* _Exercise instructions_
Could you set down only the lines from the one including "Toyota Highlander 2020" to the end of the records below, inclusive and exact, leaving pictures out?

===== Extracted records =====

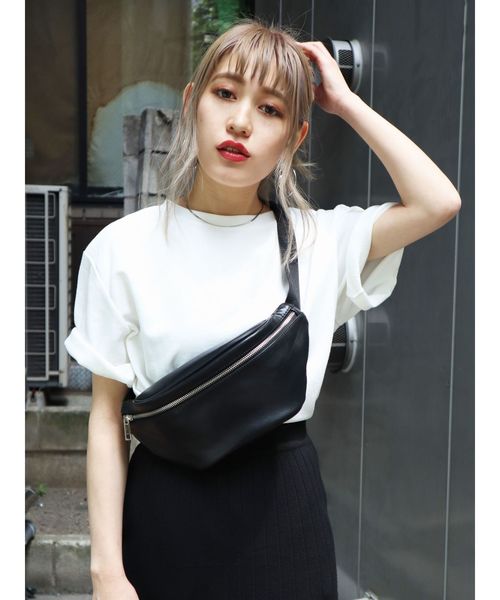 EMODA(エモダ)の「ソフトポーチサコッシュ(ボディバッグ/ウエストポーチ・レディース・ブラック/その他/その他1・FREE)」の7枚目の写真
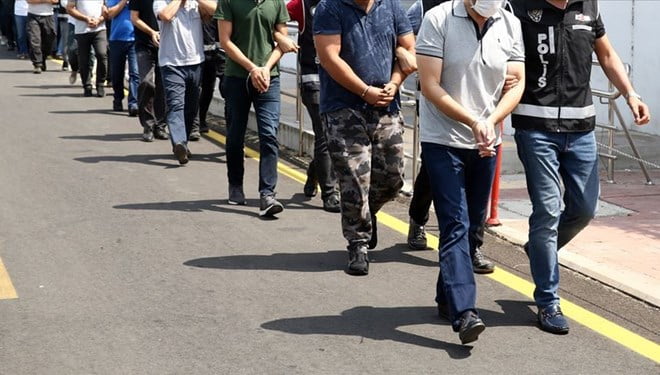 Üniversitelere FETÖ operasyonu! Onlarca gözaltı
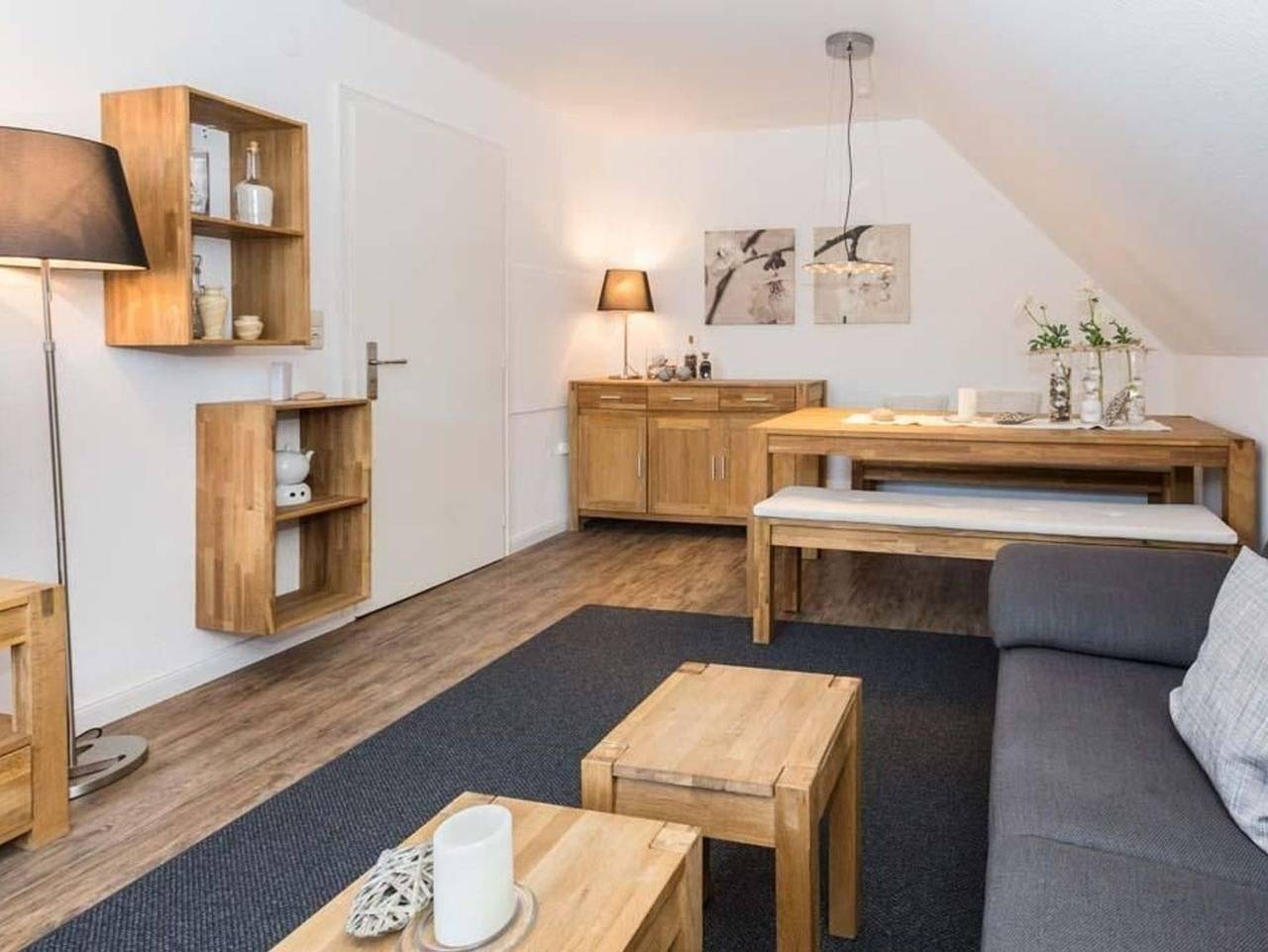 Ganze Ferienwohnung, Seerose Sylt - Moderne 3-Zimmer Ferienwohnung mit Dünenblick und Balkon in Westerland, Sylt (Gemeinde)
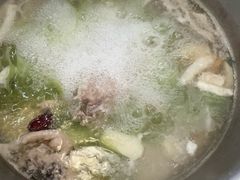 -喃喃椰·糟粕醋·椰子鸡火锅(七堡花园店)
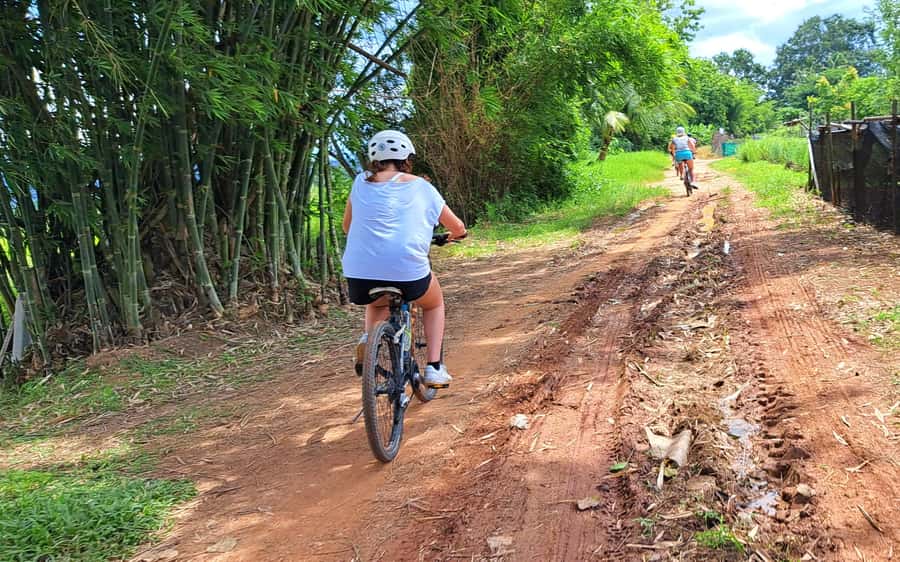 Chiang Mai: Sticky waterfall, lake kayak and cycling tour - Thai lunch on a floating cottage
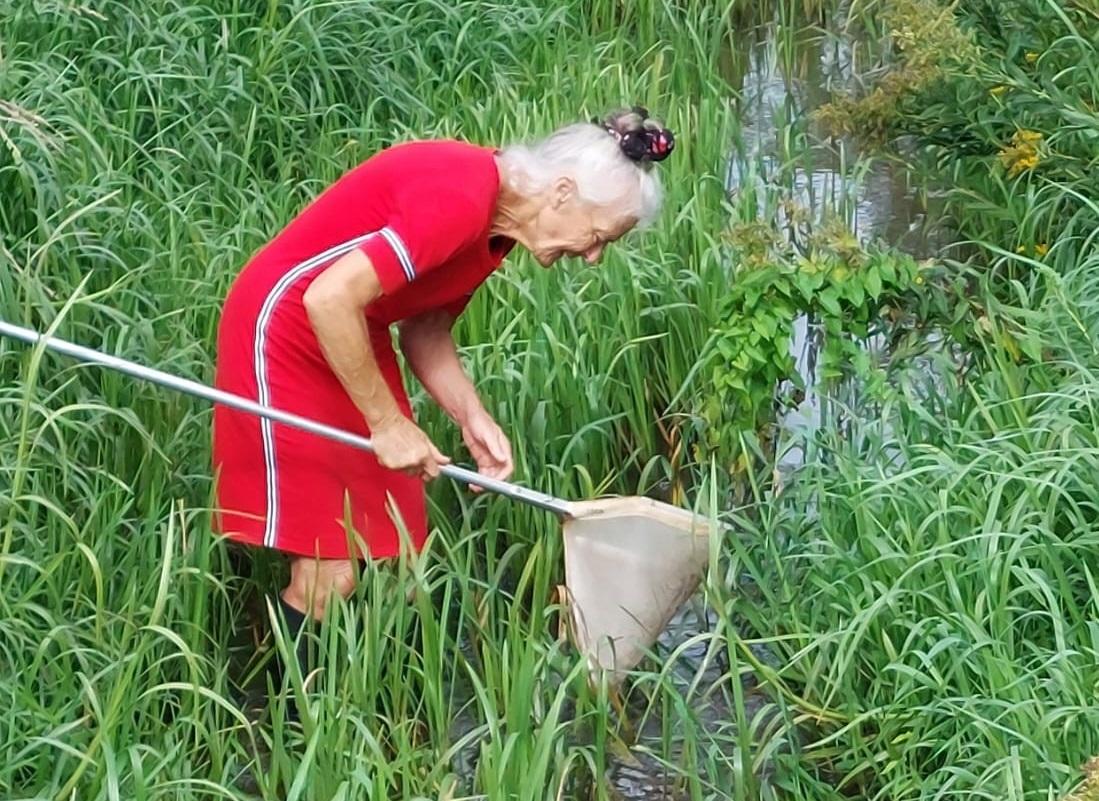 Hilde Ham in actie bij een beek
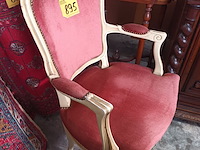Lot 895 - roze armstoel louis xv - afbeelding 2 van  3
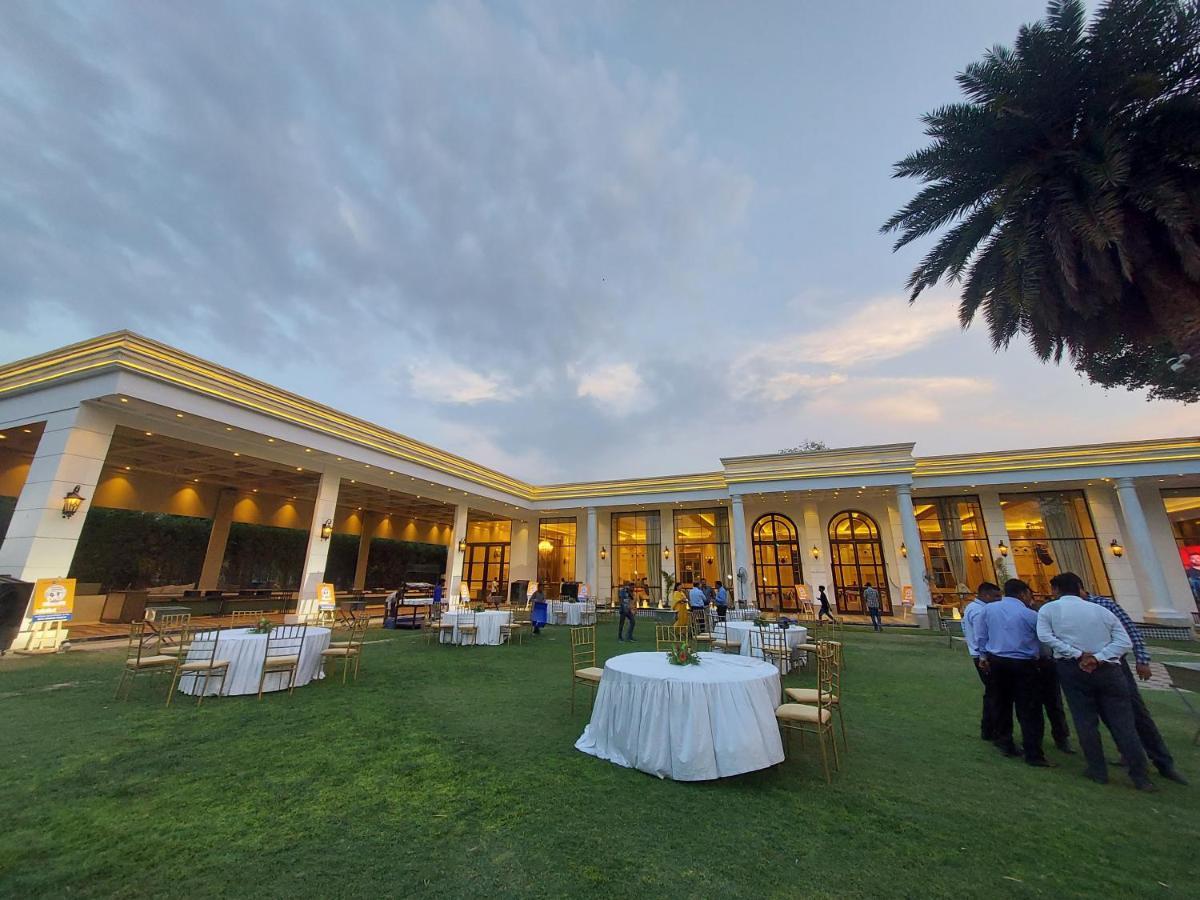 Kingston Resort Kanpur Luaran gambar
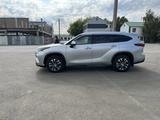 Toyota Highlander 2020 года за 15 500 000 тг. в Уральск – фото 2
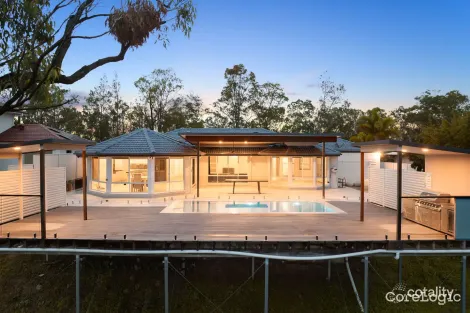 Property photo of 65 Highvale Drive Helensvale QLD 4212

=====

* _Reply to the exercise_
 Toyota Highlander 2020 года за 15 500 000 тг. в Уральск – фото 2
 Property photo of 65 Highvale Drive Helensvale QLD 4212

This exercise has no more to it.